> **Task details**
Return the data below exactly, please, but drop the pictures.
** Opening Task input block **
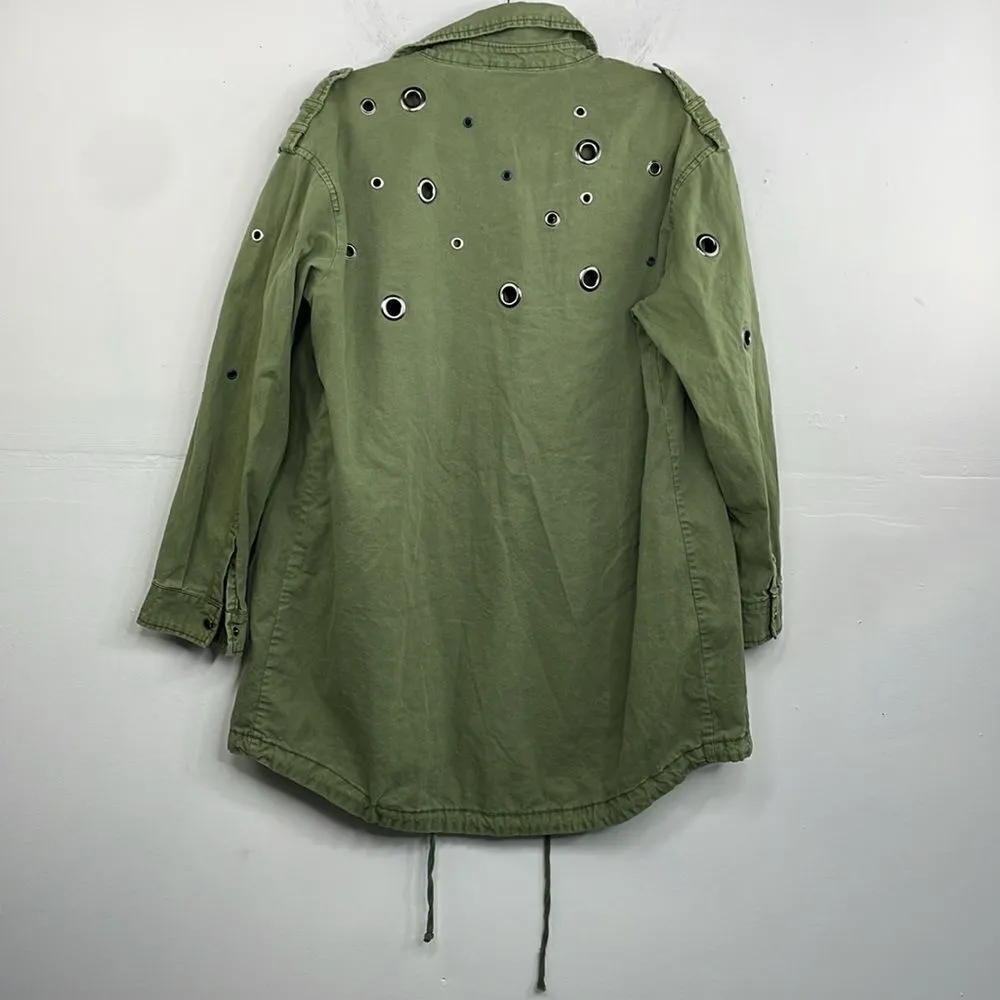 ZARA Oversized Rivet Roll Sleeve Utility Jacket Size X Small Green - Image 9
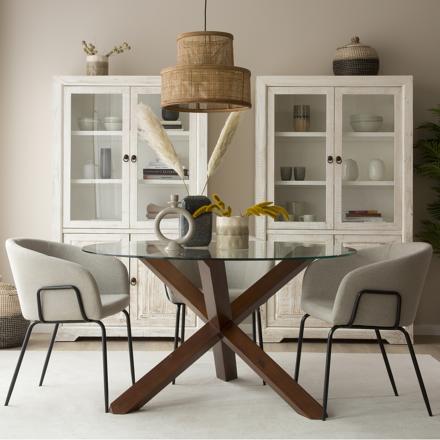 Carot mesa de jantar de madeira cor teca e vidro redondo de 120 cm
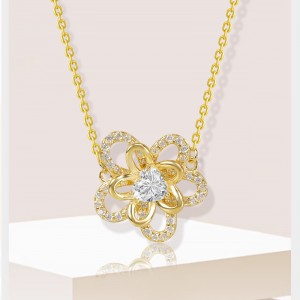 S925 Silver Necklace Sunflower Necklace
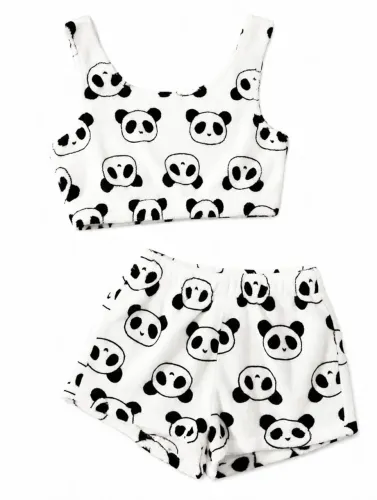 Conjunto Pijama Panda tecido Fofinho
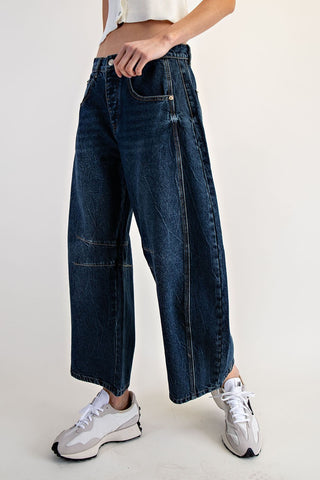 Dark Washed Barrel Leg Jeans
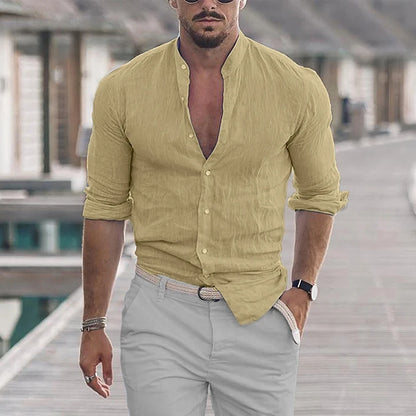 👕 Men’s Cotton Linen Shirt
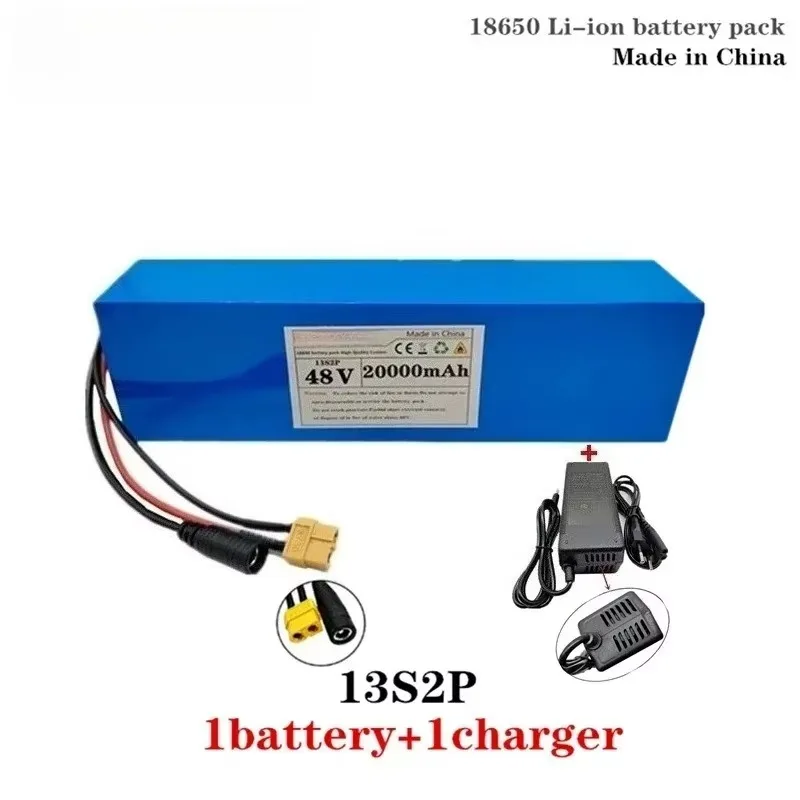 New 13S2P 48V 20Ah Rechargeable Lithium Battery Pack for Electric Vehicle Bicycle and Scooter Power Battery with BMS Charger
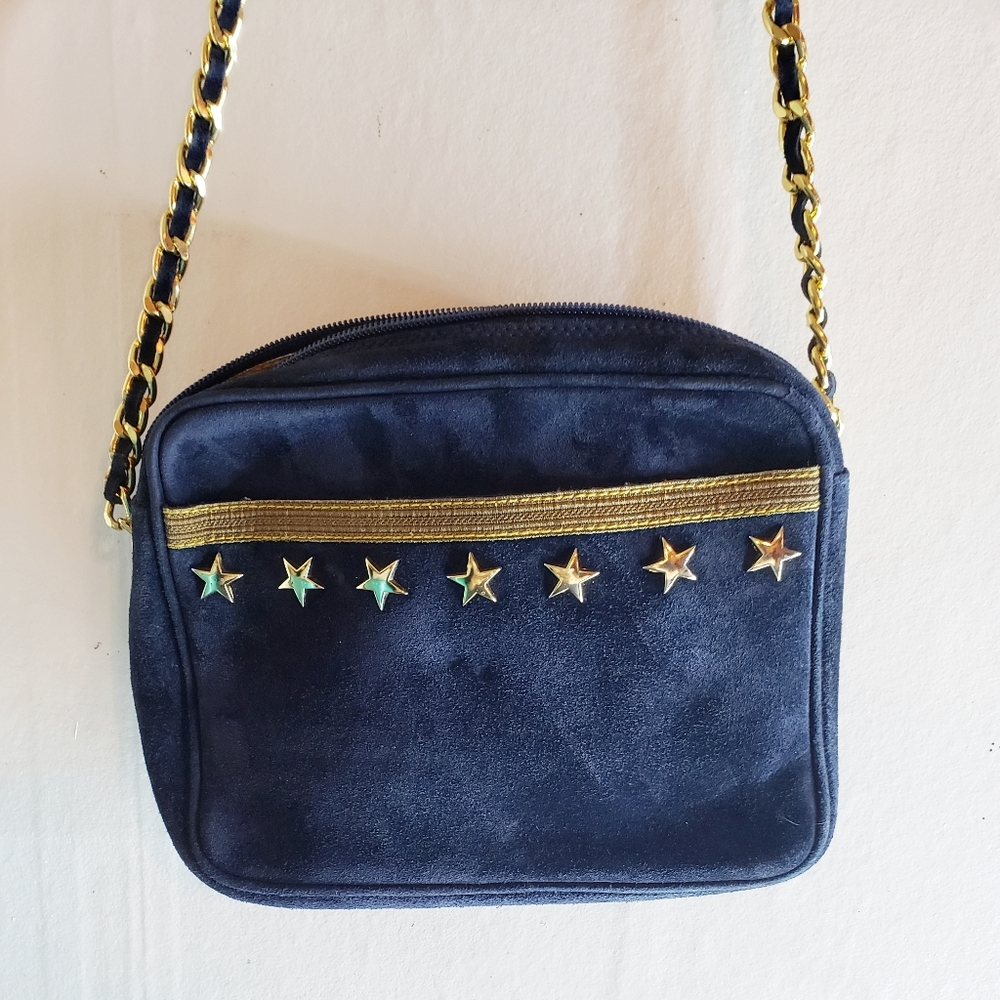 Vintage Mondi mini handbag. Star studs Blue suede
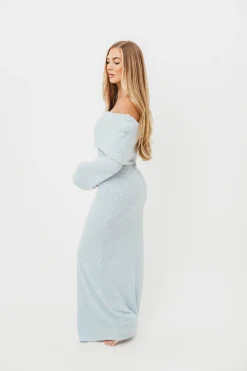 Sale Worth Collective Nora Knit Maxi Dress in Dusty Blue- Bump Friendly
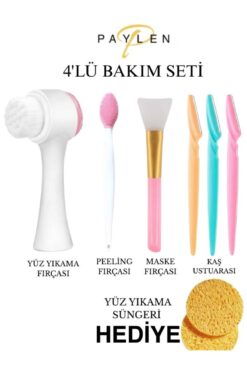 PAYLEN 4'Lü Bakım Seti - Yüz Yıkama Fırçası-Peeling Fırçası-Maske Fırçası-3lü Kaş Usturası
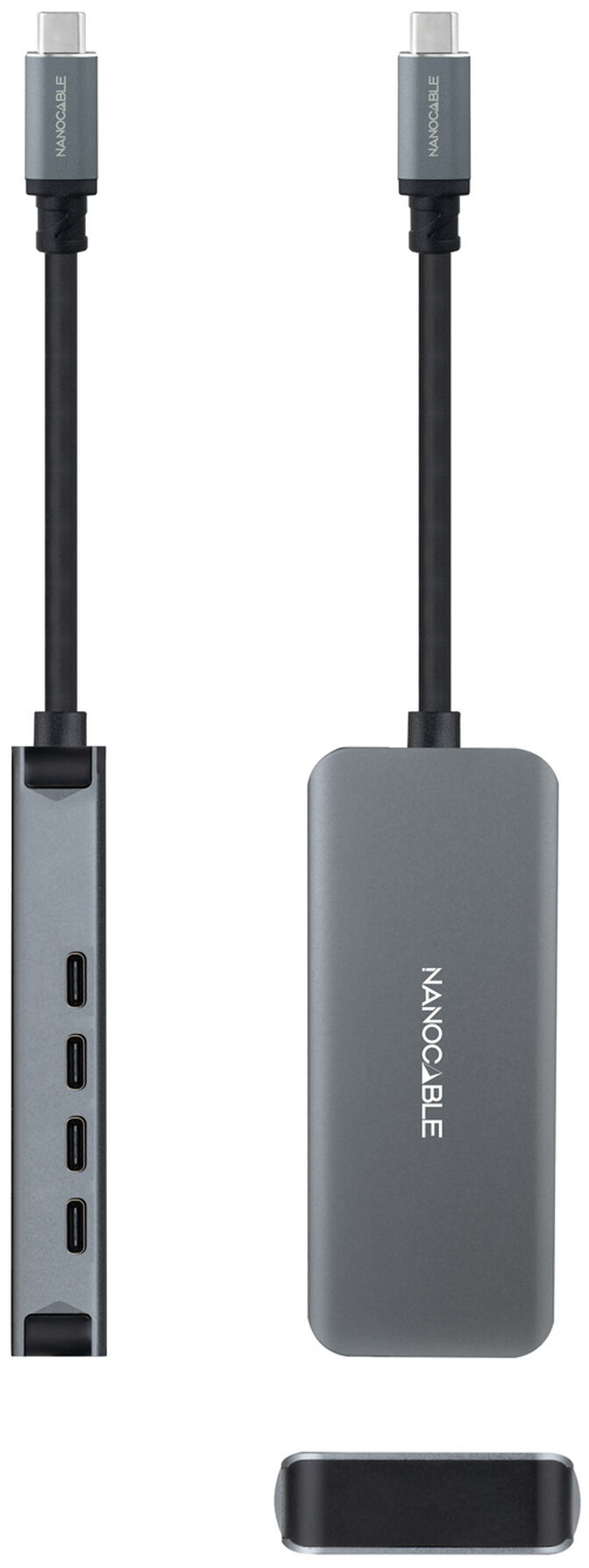 Hub Nanocable USB-C > 4xUSB-C 10 CM Gris image number 1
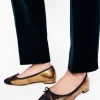 Toe Cap Ballet Flat-Bronze Metallic Leather-Boden Cheap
** Closing Task input block **
> **Solution to this problem**
 ZARA Oversized Rivet Roll Sleeve Utility Jacket Size X Small Green - Image 9
 Carot mesa de jantar de madeira cor teca e vidro redondo de 120 cm
 S925 Silver Necklace Sunflower Necklace
 Conjunto Pijama Panda tecido Fofinho
 Dark Washed Barrel Leg Jeans
 👕 Men’s Cotton Linen Shirt
 New 13S2P 48V 20Ah Rechargeable Lithium Battery Pack for Electric Vehicle Bicycle and Scooter Power Battery with BMS Charger
 Vintage Mondi mini handbag. Star studs Blue suede
 Sale Worth Collective Nora Knit Maxi Dress in Dusty Blue- Bump Friendly
 PAYLEN 4'Lü Bakım Seti - Yüz Yıkama Fırçası-Peeling Fırçası-Maske Fırçası-3lü Kaş Usturası
 Hub Nanocable USB-C > 4xUSB-C 10 CM Gris image number 1
 Toe Cap Ballet Flat-Bronze Metallic Leather-Boden Cheap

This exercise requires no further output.